**Task statement**
Begin at the first line below and copy each line exactly, ending with the line where "Пластиковые пассатижи KNIPEX KN-986202" appears.
++++++++++++++++++++
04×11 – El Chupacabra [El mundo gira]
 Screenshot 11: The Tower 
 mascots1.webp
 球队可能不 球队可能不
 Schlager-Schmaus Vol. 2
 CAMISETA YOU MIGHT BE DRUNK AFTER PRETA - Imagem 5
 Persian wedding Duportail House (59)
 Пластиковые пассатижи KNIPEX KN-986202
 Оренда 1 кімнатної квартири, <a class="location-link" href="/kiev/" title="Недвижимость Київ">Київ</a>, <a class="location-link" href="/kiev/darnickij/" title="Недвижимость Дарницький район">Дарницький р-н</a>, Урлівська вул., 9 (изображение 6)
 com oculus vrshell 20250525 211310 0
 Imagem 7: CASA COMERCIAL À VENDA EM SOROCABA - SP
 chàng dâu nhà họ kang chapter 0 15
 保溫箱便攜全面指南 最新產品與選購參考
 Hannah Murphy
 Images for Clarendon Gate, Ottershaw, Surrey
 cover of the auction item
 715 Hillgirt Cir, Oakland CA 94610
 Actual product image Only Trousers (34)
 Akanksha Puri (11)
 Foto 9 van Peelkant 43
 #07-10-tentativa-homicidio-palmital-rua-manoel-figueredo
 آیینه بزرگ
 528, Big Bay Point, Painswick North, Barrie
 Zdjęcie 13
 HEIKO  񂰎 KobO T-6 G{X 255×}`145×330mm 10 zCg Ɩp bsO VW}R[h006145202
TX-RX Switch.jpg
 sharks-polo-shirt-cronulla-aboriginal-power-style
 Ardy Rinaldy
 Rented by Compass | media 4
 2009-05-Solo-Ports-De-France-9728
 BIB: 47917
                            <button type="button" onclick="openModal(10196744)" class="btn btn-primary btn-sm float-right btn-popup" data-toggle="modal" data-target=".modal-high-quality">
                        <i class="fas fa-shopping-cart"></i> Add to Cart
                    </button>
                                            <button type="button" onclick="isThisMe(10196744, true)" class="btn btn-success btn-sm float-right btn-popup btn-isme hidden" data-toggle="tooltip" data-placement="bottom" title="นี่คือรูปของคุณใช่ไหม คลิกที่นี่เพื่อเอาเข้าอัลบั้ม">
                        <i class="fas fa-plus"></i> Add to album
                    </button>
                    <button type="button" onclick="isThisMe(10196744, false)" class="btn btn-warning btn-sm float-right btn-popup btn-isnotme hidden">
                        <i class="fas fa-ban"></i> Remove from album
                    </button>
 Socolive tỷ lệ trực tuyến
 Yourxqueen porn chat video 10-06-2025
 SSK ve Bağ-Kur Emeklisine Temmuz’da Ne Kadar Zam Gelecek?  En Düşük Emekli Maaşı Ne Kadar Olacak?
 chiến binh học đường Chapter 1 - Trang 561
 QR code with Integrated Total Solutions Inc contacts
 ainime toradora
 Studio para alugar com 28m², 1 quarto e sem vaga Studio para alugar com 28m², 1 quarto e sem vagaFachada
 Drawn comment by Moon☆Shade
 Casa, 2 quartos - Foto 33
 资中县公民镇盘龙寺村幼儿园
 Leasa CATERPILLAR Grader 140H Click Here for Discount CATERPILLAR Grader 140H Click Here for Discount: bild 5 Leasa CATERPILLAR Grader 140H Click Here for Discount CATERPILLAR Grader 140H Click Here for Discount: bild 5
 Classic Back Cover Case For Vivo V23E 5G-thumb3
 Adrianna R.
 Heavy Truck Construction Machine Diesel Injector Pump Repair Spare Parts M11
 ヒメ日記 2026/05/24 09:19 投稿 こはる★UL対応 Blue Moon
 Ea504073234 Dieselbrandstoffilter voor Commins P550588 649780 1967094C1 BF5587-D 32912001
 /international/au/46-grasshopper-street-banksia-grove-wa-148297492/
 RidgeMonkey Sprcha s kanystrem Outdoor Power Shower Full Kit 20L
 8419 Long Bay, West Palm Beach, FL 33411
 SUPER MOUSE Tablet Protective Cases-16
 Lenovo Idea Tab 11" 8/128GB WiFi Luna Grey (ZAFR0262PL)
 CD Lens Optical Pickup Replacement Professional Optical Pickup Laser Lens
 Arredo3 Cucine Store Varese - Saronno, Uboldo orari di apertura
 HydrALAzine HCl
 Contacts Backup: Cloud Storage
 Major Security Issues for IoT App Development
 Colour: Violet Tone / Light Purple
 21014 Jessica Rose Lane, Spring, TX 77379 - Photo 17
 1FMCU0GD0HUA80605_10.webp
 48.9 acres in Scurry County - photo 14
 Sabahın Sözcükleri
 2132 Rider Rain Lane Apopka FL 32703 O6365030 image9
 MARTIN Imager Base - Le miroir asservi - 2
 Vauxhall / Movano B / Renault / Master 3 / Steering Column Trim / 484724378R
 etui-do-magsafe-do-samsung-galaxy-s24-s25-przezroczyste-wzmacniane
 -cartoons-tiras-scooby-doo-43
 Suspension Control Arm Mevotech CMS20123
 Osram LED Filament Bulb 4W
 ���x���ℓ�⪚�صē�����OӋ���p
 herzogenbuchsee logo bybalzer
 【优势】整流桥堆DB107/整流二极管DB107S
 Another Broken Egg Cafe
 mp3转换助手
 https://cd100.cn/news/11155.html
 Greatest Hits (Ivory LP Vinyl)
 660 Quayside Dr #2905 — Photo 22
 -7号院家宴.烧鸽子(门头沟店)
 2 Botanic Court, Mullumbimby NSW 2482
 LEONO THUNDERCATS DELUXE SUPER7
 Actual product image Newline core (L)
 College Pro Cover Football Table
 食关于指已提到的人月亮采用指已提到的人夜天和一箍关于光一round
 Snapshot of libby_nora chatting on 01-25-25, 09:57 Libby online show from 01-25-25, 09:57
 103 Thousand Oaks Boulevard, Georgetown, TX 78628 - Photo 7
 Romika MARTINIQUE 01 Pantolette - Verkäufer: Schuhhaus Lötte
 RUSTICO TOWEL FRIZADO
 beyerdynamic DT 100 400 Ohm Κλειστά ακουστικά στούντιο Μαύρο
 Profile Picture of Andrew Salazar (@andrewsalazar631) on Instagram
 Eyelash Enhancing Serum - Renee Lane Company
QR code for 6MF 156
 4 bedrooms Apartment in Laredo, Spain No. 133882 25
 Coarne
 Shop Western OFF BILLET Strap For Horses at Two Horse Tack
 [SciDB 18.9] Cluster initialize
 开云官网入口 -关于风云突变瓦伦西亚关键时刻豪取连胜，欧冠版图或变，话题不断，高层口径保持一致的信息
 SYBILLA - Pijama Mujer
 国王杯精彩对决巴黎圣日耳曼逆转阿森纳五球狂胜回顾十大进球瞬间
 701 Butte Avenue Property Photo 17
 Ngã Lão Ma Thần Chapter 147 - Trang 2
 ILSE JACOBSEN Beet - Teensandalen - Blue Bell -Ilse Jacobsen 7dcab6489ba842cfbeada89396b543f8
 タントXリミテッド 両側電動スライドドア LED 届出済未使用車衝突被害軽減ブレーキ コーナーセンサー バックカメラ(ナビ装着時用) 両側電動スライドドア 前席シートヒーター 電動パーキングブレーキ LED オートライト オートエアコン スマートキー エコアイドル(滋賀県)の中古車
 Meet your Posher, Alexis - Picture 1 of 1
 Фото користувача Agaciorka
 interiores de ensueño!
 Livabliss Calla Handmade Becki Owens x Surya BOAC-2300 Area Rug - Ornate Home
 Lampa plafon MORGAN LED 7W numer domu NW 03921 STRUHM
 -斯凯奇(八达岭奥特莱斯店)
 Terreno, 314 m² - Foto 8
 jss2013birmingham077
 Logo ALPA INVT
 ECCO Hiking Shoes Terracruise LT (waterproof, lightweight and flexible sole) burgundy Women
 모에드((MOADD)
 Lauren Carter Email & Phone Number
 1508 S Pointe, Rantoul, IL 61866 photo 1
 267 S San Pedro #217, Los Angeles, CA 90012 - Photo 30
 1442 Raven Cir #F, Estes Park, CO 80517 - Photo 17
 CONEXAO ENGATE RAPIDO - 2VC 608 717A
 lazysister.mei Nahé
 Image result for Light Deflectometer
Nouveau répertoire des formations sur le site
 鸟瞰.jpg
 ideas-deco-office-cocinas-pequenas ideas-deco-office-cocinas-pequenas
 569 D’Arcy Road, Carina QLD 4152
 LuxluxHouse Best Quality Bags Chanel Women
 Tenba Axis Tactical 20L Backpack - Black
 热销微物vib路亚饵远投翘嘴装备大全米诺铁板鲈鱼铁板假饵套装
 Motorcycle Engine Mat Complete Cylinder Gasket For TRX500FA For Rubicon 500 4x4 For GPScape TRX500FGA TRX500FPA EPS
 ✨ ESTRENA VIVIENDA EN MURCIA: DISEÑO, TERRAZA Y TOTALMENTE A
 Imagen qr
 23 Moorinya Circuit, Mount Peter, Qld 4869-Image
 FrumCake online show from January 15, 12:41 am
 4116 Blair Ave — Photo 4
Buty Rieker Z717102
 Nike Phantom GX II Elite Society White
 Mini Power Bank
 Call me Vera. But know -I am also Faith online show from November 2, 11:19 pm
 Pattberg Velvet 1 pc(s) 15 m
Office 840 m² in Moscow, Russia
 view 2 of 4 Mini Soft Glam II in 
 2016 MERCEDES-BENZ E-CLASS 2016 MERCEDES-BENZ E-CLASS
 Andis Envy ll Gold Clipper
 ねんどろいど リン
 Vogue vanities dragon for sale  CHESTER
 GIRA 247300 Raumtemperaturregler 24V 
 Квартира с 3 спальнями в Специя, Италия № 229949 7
++++++++++++++++++++
**Solution below**
04×11 – El Chupacabra [El mundo gira]
 Screenshot 11: The Tower 
 mascots1.webp
 球队可能不 球队可能不
 Schlager-Schmaus Vol. 2
 CAMISETA YOU MIGHT BE DRUNK AFTER PRETA - Imagem 5
 Persian wedding Duportail House (59)
 Пластиковые пассатижи KNIPEX KN-986202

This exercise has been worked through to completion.